Car la question n'est pas, n'est plus (ou n'a jamais été, peut-être) de rendre des finitions 100% parfaites, mais plus grossièrement de permettre aux gens de comprendre des messages qu'ils seraient incapables de saisir sans un outil dédié.
Et dans cette optique, peu m'importe qu'un possessif, un démonstratif ou autre ne soient pas parfaitement rendus du chinois au français, pourvu que je comprenne l'essentiel du message, de façon simple, rapide et gratuite.
Pour les finitions, il faudra faire comme par le passé : appel aux services de professionnels. Et d'ailleurs, heureusement pour nous...

Jean-Marie

Guillaume de Brébisson - Anyword a dit…

Bonjour à tous,

Jusqu’ici, il y avait d’un côté les outils de traduction automatique, insatisfaisants mais gratuits, et, de l'autre, les traducteurs professionnels indépendants et par des agences de traduction, qui proposent un service de traduction professionnel payant. Il existait déjà, pour les plus curieux, des systèmes permettant de recruter en ligne son propre traducteur humain mais, d’une manière générale, les entreprises avaient plutôt tendance à faire appel à une société de traduction pour lui confier leurs projets.
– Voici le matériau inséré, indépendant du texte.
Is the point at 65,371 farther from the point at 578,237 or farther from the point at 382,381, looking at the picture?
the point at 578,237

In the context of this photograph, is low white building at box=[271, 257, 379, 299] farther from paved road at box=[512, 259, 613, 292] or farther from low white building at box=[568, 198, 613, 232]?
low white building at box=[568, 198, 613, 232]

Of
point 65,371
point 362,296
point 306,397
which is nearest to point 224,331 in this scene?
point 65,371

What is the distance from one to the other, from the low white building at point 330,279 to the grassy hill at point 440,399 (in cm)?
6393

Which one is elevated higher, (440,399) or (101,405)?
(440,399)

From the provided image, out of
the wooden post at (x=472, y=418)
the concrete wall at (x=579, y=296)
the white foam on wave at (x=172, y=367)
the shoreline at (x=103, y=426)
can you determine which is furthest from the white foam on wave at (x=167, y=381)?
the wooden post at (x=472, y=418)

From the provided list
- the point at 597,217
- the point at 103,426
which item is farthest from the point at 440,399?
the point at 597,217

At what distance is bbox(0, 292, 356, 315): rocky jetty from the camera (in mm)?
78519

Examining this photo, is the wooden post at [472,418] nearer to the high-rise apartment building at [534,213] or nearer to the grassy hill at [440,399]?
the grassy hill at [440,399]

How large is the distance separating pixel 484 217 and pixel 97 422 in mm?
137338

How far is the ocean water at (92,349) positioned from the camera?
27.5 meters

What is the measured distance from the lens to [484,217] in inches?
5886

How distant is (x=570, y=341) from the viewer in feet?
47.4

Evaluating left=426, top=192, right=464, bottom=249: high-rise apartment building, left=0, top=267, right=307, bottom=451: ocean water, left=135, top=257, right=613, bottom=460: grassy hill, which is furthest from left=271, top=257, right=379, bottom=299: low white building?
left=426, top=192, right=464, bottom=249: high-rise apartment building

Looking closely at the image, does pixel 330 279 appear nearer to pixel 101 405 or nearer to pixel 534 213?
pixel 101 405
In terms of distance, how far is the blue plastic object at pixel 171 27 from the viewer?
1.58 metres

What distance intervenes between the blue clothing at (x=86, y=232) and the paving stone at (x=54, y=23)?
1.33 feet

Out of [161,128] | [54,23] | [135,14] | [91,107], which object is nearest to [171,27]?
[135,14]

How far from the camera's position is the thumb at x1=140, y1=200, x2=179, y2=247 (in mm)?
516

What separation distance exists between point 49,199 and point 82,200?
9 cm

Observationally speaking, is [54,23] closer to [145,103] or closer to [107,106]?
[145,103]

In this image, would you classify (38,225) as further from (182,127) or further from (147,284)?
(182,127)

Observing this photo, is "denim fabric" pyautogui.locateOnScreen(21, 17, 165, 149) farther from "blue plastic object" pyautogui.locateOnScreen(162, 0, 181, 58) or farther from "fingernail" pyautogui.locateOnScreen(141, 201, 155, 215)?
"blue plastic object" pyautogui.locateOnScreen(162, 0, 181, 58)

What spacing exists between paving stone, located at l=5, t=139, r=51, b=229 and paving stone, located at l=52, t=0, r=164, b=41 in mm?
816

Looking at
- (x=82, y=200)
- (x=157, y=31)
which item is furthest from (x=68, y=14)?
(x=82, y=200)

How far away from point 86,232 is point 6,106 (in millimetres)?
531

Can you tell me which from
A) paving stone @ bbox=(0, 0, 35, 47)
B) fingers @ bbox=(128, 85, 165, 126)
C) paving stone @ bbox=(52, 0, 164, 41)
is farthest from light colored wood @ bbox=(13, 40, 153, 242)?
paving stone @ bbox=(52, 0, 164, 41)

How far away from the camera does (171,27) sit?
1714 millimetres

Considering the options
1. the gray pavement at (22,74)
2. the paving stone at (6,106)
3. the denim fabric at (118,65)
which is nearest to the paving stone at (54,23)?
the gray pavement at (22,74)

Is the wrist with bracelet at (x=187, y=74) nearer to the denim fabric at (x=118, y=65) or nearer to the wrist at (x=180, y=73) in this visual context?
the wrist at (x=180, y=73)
Qu’apportent les agences de traduction ? Elles disposent de traducteurs professionnels dans toutes les langues, dans plusieurs domaines d’expertise, elles analysent et préparent les travaux avant traduction, elles contrôlent les délais, elles servent de point de contact aux clients et aux traducteurs, se faisant tantôt la voix du client auprès du traducteur, et tantôt celle du traducteur auprès du client, elles s’assurent de la bonne livraison du projet final au client, et elles gèrent les questions de règlement, contrôlant en amont la solvabilité du client et s’assurant en aval d’être payé à temps, et de payer le traducteur à temps. Du moins, c’est ce que nous faisons, chez Anyword, et c’est ce que font la plupart de nos concurrents.
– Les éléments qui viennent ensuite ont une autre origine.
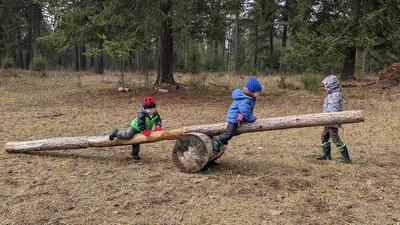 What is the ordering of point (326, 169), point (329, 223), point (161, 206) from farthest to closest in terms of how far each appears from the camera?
point (326, 169)
point (161, 206)
point (329, 223)

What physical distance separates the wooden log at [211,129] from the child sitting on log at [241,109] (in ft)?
0.43

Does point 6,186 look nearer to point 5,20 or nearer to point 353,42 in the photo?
point 353,42

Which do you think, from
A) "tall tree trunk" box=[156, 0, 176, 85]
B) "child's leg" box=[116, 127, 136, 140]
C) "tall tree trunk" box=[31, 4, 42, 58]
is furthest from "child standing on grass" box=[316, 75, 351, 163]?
"tall tree trunk" box=[31, 4, 42, 58]

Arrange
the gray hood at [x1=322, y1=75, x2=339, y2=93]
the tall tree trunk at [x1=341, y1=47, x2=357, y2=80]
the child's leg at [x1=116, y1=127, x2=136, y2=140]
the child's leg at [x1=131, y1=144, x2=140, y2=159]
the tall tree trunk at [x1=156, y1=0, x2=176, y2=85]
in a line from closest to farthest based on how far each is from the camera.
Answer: the child's leg at [x1=116, y1=127, x2=136, y2=140] → the gray hood at [x1=322, y1=75, x2=339, y2=93] → the child's leg at [x1=131, y1=144, x2=140, y2=159] → the tall tree trunk at [x1=156, y1=0, x2=176, y2=85] → the tall tree trunk at [x1=341, y1=47, x2=357, y2=80]

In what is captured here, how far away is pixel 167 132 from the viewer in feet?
26.1

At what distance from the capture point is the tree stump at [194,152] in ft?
24.1

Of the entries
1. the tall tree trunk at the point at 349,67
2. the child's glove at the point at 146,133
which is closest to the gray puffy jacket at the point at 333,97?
the child's glove at the point at 146,133


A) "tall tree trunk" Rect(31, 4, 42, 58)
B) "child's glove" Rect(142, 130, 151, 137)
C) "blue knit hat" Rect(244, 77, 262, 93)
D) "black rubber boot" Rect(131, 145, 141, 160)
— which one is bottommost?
"black rubber boot" Rect(131, 145, 141, 160)

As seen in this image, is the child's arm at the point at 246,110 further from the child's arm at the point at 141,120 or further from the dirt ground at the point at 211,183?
the child's arm at the point at 141,120

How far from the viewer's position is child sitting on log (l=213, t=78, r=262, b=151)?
7437 mm

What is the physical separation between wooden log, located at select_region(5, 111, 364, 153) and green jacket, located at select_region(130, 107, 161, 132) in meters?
0.15

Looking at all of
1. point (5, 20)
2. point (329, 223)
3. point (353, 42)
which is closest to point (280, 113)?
point (329, 223)

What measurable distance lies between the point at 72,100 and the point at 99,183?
40.8 ft

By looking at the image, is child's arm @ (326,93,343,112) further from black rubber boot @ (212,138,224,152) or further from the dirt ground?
black rubber boot @ (212,138,224,152) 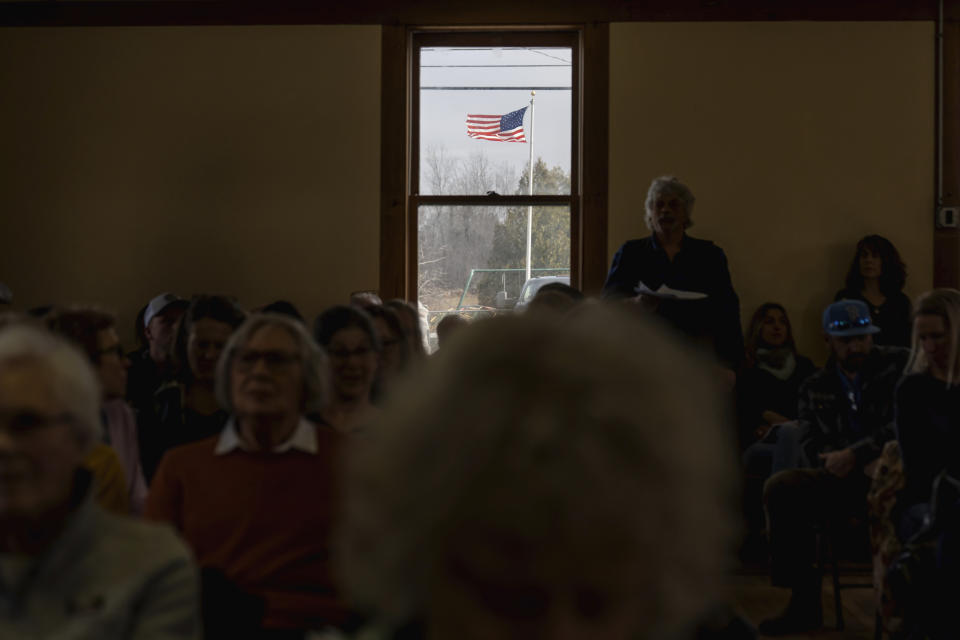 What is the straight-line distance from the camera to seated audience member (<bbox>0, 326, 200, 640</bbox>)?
4.75ft

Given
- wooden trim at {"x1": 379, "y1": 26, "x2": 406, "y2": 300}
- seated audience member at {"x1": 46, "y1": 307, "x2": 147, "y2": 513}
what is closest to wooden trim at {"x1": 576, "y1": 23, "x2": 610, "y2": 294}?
wooden trim at {"x1": 379, "y1": 26, "x2": 406, "y2": 300}

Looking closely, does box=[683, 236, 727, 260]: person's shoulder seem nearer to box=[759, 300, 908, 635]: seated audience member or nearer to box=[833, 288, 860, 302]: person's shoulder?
box=[759, 300, 908, 635]: seated audience member

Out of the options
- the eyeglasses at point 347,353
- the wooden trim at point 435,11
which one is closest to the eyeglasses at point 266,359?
the eyeglasses at point 347,353

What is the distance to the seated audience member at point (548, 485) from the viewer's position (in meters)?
0.54

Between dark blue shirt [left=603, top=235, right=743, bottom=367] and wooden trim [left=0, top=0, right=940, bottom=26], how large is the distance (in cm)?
226

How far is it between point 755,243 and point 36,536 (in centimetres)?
503

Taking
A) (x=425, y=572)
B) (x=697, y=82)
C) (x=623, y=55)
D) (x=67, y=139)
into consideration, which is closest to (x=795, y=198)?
(x=697, y=82)

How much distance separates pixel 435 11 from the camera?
5867 millimetres

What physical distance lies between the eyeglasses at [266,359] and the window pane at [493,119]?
3865mm

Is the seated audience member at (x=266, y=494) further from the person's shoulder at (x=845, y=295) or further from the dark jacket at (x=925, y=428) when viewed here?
the person's shoulder at (x=845, y=295)

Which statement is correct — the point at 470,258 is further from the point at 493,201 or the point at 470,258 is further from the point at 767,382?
the point at 767,382

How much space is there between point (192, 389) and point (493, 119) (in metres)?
3.45

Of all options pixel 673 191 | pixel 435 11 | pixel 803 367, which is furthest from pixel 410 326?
pixel 435 11

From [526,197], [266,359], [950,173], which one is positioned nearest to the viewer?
[266,359] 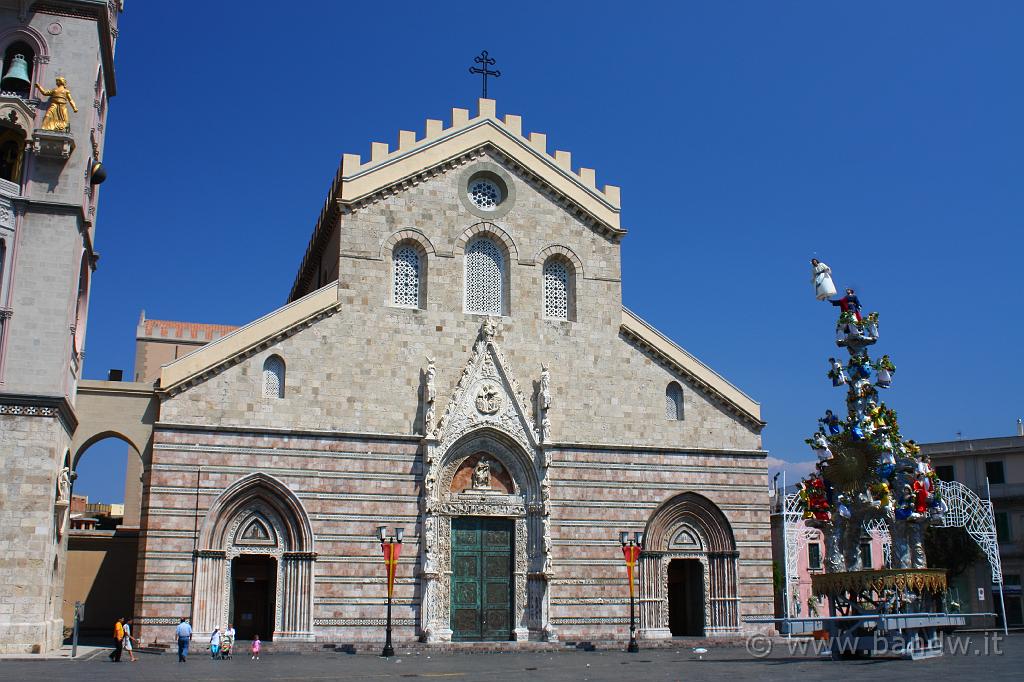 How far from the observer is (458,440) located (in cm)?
3159

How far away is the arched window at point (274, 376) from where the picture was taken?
3025 centimetres

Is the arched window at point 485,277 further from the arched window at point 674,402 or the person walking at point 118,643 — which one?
the person walking at point 118,643

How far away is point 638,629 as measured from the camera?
105ft

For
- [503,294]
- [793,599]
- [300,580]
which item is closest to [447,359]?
[503,294]

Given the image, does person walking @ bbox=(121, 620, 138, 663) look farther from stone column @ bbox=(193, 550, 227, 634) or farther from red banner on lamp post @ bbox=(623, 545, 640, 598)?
red banner on lamp post @ bbox=(623, 545, 640, 598)

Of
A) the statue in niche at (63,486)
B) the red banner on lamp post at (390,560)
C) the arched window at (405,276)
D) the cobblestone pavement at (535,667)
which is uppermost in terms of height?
the arched window at (405,276)

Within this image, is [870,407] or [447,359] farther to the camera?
[447,359]

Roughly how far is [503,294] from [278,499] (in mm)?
10025

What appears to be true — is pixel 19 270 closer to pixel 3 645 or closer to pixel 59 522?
pixel 59 522

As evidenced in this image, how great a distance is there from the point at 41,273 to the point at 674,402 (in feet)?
65.9

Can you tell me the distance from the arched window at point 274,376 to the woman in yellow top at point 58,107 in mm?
8596

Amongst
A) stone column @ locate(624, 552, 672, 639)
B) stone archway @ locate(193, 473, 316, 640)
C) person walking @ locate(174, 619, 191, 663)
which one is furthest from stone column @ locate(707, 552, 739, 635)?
person walking @ locate(174, 619, 191, 663)

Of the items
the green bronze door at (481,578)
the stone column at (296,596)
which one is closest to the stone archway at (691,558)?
the green bronze door at (481,578)

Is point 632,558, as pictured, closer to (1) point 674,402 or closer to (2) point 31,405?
(1) point 674,402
Dans ce contexte, Google Translation Center est-il une menace pour les agences de traduction ? Il est possible (et même probable) que, dans un premier temps, un certain nombre de clients souhaiteront faire des économies en s’adressant directement aux traducteurs (qui peuvent ne pas être des professionnels, puisque Google accepte les “volontaires”, c'est-à-dire des bénévoles sans expérience) : ces clients-là seront perdus pour les agences. Au fil du temps, soit ils se satisferont d’une solution minimale, et ils resteront fidèles à Google Translation Center, soit ils souhaiteront bénéficier d’un vrai service d’intermédiation, et ils reviendront vers les agences. Du moins, je l’espère, et j’ouvre bien sûr le débat sur le blog L’Observatoire de la Traduction, tenu par Anyword (http://blog.anyword.fr).

Guillaume de Brébisson
Site de traduction Anyword

Thierry Fontenelle a dit…

Bonjour Jean-Marie,

Votre billet est très intéressant. Toutefois, pour le moment, il me semble que les informations reprises dans les dictionnaires dont vous parlez proviennent de dictionnaires bilingues traditionnels semblables à ceux qui sont intégrés dans Microsoft Office (tant dans le volet de référence que dans les « screentips » disponibles directement depuis le traitement de texte dans Office 2007) et dont j’ai parlé ici :
Accessing bilingual dictionaries in Office 2007.

On le voit si l’on demande la traduction d’un mot comme « shoot », par exemple : ce mot est traduit par « pousse f », où le « f » est l’abréviation de féminin. Ce genre d’information ne peut que provenir d’un dictionnaire bilingue et pas d’une mémoire de traduction. Cela changera peut-être à l’avenir, bien sûr.

Bien à vous,

Thierry

arnet a dit…

Moi je passe par google talk : il y a une série de "bots" qui permettent de traduite & très rapidement du texte
http://www.google.com/support/talkgadget/bin/answer.py?answer=89921

Jean-Marie Le Ray a dit…

Arnet,

Merci, j'ignorais cette possibilité, j'étudierai ça de plus près.